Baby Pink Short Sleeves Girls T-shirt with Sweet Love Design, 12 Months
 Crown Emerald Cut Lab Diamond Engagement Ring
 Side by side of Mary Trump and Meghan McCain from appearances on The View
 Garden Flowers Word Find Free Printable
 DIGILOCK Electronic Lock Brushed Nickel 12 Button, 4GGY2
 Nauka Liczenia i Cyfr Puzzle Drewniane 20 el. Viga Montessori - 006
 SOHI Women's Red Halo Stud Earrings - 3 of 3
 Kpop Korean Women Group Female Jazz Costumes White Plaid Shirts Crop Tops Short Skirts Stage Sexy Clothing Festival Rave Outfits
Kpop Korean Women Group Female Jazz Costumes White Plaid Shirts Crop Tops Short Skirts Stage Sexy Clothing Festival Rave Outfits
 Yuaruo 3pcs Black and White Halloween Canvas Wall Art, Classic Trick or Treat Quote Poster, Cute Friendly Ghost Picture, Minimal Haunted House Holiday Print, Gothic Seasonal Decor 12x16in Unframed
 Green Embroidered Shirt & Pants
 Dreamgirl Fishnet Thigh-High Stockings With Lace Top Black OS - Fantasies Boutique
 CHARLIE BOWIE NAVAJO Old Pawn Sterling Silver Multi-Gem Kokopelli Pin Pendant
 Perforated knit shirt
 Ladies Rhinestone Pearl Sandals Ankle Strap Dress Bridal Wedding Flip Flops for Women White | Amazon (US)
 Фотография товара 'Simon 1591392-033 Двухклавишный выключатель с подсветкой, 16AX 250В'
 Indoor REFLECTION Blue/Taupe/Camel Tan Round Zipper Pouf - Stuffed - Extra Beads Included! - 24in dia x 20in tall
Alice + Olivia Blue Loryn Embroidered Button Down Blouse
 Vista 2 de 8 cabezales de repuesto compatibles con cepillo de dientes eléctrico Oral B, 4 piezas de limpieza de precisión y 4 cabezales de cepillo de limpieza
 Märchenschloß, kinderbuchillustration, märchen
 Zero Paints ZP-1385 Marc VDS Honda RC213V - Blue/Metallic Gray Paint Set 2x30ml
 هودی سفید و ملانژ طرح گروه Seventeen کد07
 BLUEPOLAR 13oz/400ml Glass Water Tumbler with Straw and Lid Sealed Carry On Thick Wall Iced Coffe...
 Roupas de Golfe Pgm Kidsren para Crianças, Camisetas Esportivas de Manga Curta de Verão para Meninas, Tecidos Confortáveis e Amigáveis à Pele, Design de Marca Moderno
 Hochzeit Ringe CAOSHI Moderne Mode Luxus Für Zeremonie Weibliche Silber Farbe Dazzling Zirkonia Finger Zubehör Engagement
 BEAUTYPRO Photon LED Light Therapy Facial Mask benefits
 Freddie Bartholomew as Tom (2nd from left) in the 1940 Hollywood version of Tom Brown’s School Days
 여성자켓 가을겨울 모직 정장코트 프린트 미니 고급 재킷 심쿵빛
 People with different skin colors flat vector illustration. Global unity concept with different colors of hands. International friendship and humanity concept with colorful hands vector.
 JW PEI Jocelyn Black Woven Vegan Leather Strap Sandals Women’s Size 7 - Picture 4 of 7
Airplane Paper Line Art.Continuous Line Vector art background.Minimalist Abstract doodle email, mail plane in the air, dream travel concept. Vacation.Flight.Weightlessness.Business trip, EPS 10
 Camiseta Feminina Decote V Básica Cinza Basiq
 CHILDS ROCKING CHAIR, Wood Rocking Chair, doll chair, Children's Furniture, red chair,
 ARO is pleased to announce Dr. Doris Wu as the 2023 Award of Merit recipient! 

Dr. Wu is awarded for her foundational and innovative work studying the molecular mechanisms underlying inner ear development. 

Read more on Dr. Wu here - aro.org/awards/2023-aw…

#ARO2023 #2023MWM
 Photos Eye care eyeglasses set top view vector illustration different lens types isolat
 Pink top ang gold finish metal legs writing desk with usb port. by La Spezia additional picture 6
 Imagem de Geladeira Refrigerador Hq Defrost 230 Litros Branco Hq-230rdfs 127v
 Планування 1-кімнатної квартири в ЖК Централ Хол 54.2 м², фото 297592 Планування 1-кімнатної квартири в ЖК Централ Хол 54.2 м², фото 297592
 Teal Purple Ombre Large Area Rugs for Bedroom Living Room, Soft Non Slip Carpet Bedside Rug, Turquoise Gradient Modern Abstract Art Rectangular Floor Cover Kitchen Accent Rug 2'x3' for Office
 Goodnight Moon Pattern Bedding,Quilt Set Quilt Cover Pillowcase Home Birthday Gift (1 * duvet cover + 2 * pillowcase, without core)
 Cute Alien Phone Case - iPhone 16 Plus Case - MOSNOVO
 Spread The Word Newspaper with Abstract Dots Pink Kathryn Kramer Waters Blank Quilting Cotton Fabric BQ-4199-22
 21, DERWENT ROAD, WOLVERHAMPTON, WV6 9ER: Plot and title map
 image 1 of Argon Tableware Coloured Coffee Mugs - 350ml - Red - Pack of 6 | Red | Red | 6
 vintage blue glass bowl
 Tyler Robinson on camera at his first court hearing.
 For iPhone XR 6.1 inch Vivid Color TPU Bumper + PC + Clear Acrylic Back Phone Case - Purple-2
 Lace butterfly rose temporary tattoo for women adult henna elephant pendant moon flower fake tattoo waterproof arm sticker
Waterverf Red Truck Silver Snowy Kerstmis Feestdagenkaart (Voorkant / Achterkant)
# # # # #
[ASSIGNMENT]: From the data above, give every line again exactly as it appears.

[SOLVED PROBLEM]:
Baby Pink Short Sleeves Girls T-shirt with Sweet Love Design, 12 Months
 Crown Emerald Cut Lab Diamond Engagement Ring
 Side by side of Mary Trump and Meghan McCain from appearances on The View
 Garden Flowers Word Find Free Printable
 DIGILOCK Electronic Lock Brushed Nickel 12 Button, 4GGY2
 Nauka Liczenia i Cyfr Puzzle Drewniane 20 el. Viga Montessori - 006
 SOHI Women's Red Halo Stud Earrings - 3 of 3
 Kpop Korean Women Group Female Jazz Costumes White Plaid Shirts Crop Tops Short Skirts Stage Sexy Clothing Festival Rave Outfits
Kpop Korean Women Group Female Jazz Costumes White Plaid Shirts Crop Tops Short Skirts Stage Sexy Clothing Festival Rave Outfits
 Yuaruo 3pcs Black and White Halloween Canvas Wall Art, Classic Trick or Treat Quote Poster, Cute Friendly Ghost Picture, Minimal Haunted House Holiday Print, Gothic Seasonal Decor 12x16in Unframed
 Green Embroidered Shirt & Pants
 Dreamgirl Fishnet Thigh-High Stockings With Lace Top Black OS - Fantasies Boutique
 CHARLIE BOWIE NAVAJO Old Pawn Sterling Silver Multi-Gem Kokopelli Pin Pendant
 Perforated knit shirt
 Ladies Rhinestone Pearl Sandals Ankle Strap Dress Bridal Wedding Flip Flops for Women White | Amazon (US)
 Фотография товара 'Simon 1591392-033 Двухклавишный выключатель с подсветкой, 16AX 250В'
 Indoor REFLECTION Blue/Taupe/Camel Tan Round Zipper Pouf - Stuffed - Extra Beads Included! - 24in dia x 20in tall
Alice + Olivia Blue Loryn Embroidered Button Down Blouse
 Vista 2 de 8 cabezales de repuesto compatibles con cepillo de dientes eléctrico Oral B, 4 piezas de limpieza de precisión y 4 cabezales de cepillo de limpieza
 Märchenschloß, kinderbuchillustration, märchen
 Zero Paints ZP-1385 Marc VDS Honda RC213V - Blue/Metallic Gray Paint Set 2x30ml
 هودی سفید و ملانژ طرح گروه Seventeen کد07
 BLUEPOLAR 13oz/400ml Glass Water Tumbler with Straw and Lid Sealed Carry On Thick Wall Iced Coffe...
 Roupas de Golfe Pgm Kidsren para Crianças, Camisetas Esportivas de Manga Curta de Verão para Meninas, Tecidos Confortáveis e Amigáveis à Pele, Design de Marca Moderno
 Hochzeit Ringe CAOSHI Moderne Mode Luxus Für Zeremonie Weibliche Silber Farbe Dazzling Zirkonia Finger Zubehör Engagement
 BEAUTYPRO Photon LED Light Therapy Facial Mask benefits
 Freddie Bartholomew as Tom (2nd from left) in the 1940 Hollywood version of Tom Brown’s School Days
 여성자켓 가을겨울 모직 정장코트 프린트 미니 고급 재킷 심쿵빛
 People with different skin colors flat vector illustration. Global unity concept with different colors of hands. International friendship and humanity concept with colorful hands vector.
 JW PEI Jocelyn Black Woven Vegan Leather Strap Sandals Women’s Size 7 - Picture 4 of 7
Airplane Paper Line Art.Continuous Line Vector art background.Minimalist Abstract doodle email, mail plane in the air, dream travel concept. Vacation.Flight.Weightlessness.Business trip, EPS 10
 Camiseta Feminina Decote V Básica Cinza Basiq
 CHILDS ROCKING CHAIR, Wood Rocking Chair, doll chair, Children's Furniture, red chair,
 ARO is pleased to announce Dr. Doris Wu as the 2023 Award of Merit recipient! 

Dr. Wu is awarded for her foundational and innovative work studying the molecular mechanisms underlying inner ear development. 

Read more on Dr. Wu here - aro.org/awards/2023-aw…

#ARO2023 #2023MWM
 Photos Eye care eyeglasses set top view vector illustration different lens types isolat
 Pink top ang gold finish metal legs writing desk with usb port. by La Spezia additional picture 6
 Imagem de Geladeira Refrigerador Hq Defrost 230 Litros Branco Hq-230rdfs 127v
 Планування 1-кімнатної квартири в ЖК Централ Хол 54.2 м², фото 297592 Планування 1-кімнатної квартири в ЖК Централ Хол 54.2 м², фото 297592
 Teal Purple Ombre Large Area Rugs for Bedroom Living Room, Soft Non Slip Carpet Bedside Rug, Turquoise Gradient Modern Abstract Art Rectangular Floor Cover Kitchen Accent Rug 2'x3' for Office
 Goodnight Moon Pattern Bedding,Quilt Set Quilt Cover Pillowcase Home Birthday Gift (1 * duvet cover + 2 * pillowcase, without core)
 Cute Alien Phone Case - iPhone 16 Plus Case - MOSNOVO
 Spread The Word Newspaper with Abstract Dots Pink Kathryn Kramer Waters Blank Quilting Cotton Fabric BQ-4199-22
 21, DERWENT ROAD, WOLVERHAMPTON, WV6 9ER: Plot and title map
 image 1 of Argon Tableware Coloured Coffee Mugs - 350ml - Red - Pack of 6 | Red | Red | 6
 vintage blue glass bowl
 Tyler Robinson on camera at his first court hearing.
 For iPhone XR 6.1 inch Vivid Color TPU Bumper + PC + Clear Acrylic Back Phone Case - Purple-2
 Lace butterfly rose temporary tattoo for women adult henna elephant pendant moon flower fake tattoo waterproof arm sticker
Waterverf Red Truck Silver Snowy Kerstmis Feestdagenkaart (Voorkant / Achterkant)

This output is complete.